ANSTECKEND

Unlängst brauchte ich frisches Brot und will das gerne beim Bäcker kaufen. Allerdings: aus aktuellem Anlass hat der nur bis Mittag geöffnet. Es war Nachmittag. Ich wollte ihm die Treue halten und kam daher einfach tags darauf wieder. Vor 12 Uhr!

An die aktuellen Umstände habe ich mich wohl immer noch nicht gewöhnt.

Wer erinnert sich noch daran, dass sämtliche Läden an Samstag-Nachmittagen ge­schlossen blieben? Vielleicht noch dort und da eine Greißlerei-Stunde am Sonntag nach der Messe.

Woran gewöhnen wir uns?

gewöhnlich ...

Ich bin weit davon entfernt, die un-guten alten Zeiten über den Klee zu loben, Frauen an den Herd zu wünschen und unsere Fortbewegung wieder auf Kutschen zurückzuführen. Wobei auf dem Rücken der Pferde von A nach B zu reiten, hätte durchaus seinen Reiz ...

Es war früher nicht alles gut.

Es ist auch jetzt nicht alles gut.

Veränderungen werden Schritt für Schritt integriert. Wir können daran reifen, uns entwickeln, durch Neugier Erstaunliches entdecken. Unser Auge gewöhnt sich an das neue Erscheinungsbild, unser Ohr stellt sich auf den Geräuschpegel ein, unser Rhythmus versucht sich so gut als möglich anzupassen. So weit so gewöhnlich

Bis unser Auge - wieder - Sterne statt Streifen am Himmel sieht, unser Ohr - wieder - verschiedene Vogelstimmen statt Auspuffgeräusche voneinander unterscheiden kann, unser Rhythmus - wieder - intakt pulsiert.
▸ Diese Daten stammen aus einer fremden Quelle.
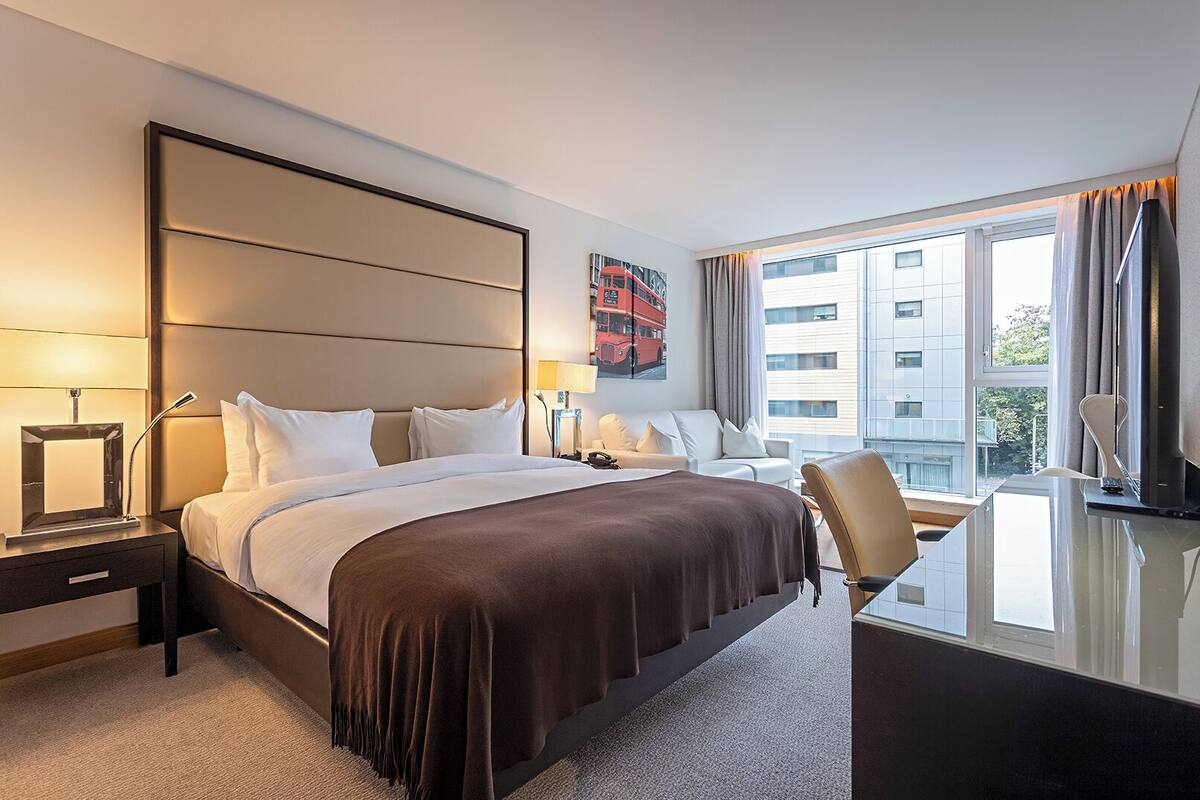 A hotel room with a large bed, bedside tables, a desk, a chair, and a window with a view of buildings.
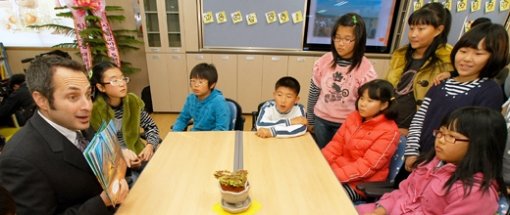 20일 제주 서귀포시 시흥초등학교에서 학생들이 스타벅스의 앨런 제이 힐로위츠 매니저(왼쪽)가 영어로 읽어주는 동화를 흥미로운 표정으로 듣고 있다. 사진 제공 작은도서관만드는사람들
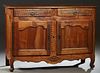 French Provincial Louis XV Style Carved Cherry Sideboard, 19th c., the stepped canted corner top over two frieze drawers above double cupboard doors w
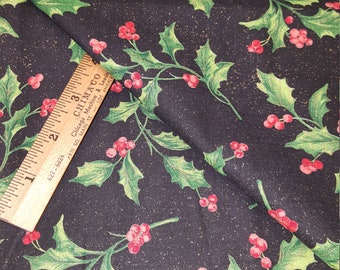 May include: Black fabric with a repeating pattern of green holly leaves and red berries. The fabric has a subtle gold glitter finish.
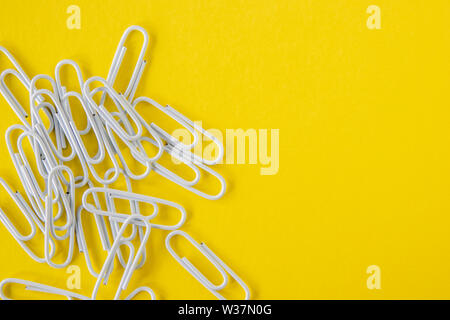 White paperclips on a bright yellow background Stock Photo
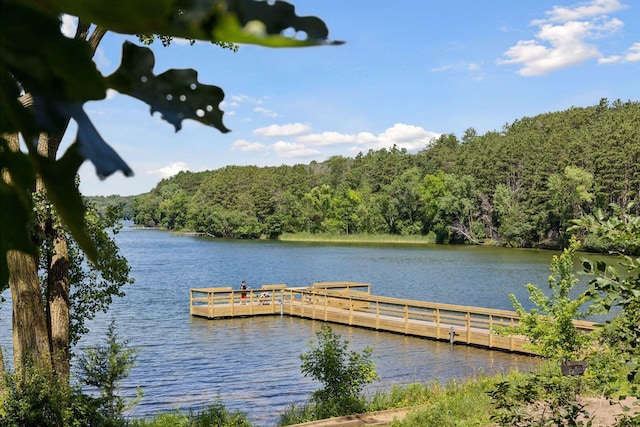 view of dock with a wooded view and a water view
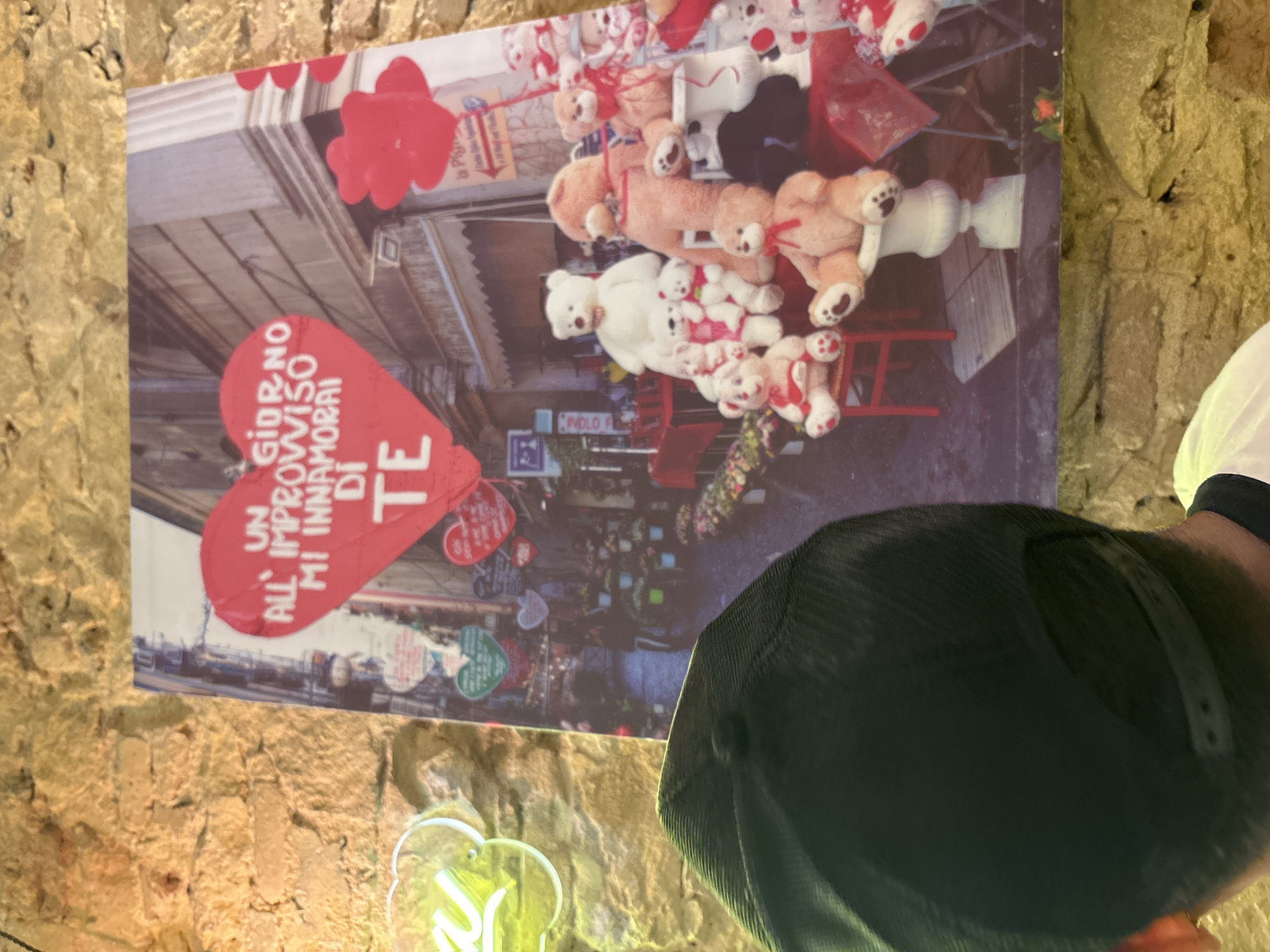 The image shows a close-up of a person wearing a black cap from behind, partially obscuring a poster. The poster depicts a street scene with numerous teddy bears displayed in front of a shop. Red heart-shaped balloons and decorations are prominent. Text on the poster reads "UN GIORNO ALL'IMPROVVISO MI INNAMORAI DI TE". The background of the poster shows a street lined with flower stalls. To the left of the poster, a portion of a neon light sign shaped like a cloud is visible. The entire scene appears to be indoors, with a stone wall forming the background behind the poster and the person. There is no information within the image to suggest the location is Barcelona, Spain.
Außer­gewöhnlich

 

Die Welt hat sich verändert, hören wir dort und da.

Wer oder was ist denn die veränderte Welt? Ist der Mensch gemeint, die Technologie die er bedient, die Vielfalt der Natur, die chemische Zusammensetzung der Erde, unsere Bedürf­nisse?

 

... oder wesentlich

Was den Menschen im Innersten zusammenhält, hat sich nicht verändert. Die Frühjahrs­wochen 2020 konnten das sogar untermauern: wir leben in und aus Beziehungen, in und aus Sehnsucht nach Liebe.

Beides ist durch Technik nicht ersetzbar. Das Fehlen lässt sich überbrücken, kreativ gestalten. Doch auf Dauer entmenschlicht uns diese neue Normalität.

 

Wie haben Sie soziale Kontakte per Video erlebt?

Worin wird die Qualität menschlicher Beziehungen deutlich für Sie?

Was bleibt, wenn Gewohntes geht?

 

Was den Menschen noch ausmacht, ist die Suche nach Wegen, mit Angst umzugehen.

Sie begegnet uns, wenn wir mit Veränderungen konfrontiert sind, Abschiede Klarheit fordern, sogar wenn uns freudige Ereignisse ins Haus stehen. Unsere sichere Gewohnheit wird herausgefordert, der Boden auf seine Tragfähigkeit getestet, Kreativität und neue Wege sind nun gefragt.

Nur, weil wir Angst haben, muss sie nicht bleiben.

 

Ansteckend sind beide - Liebe und Angst!

Und doch führt eine Infektion jeweils zu einem deutlich anderen Ergebnis.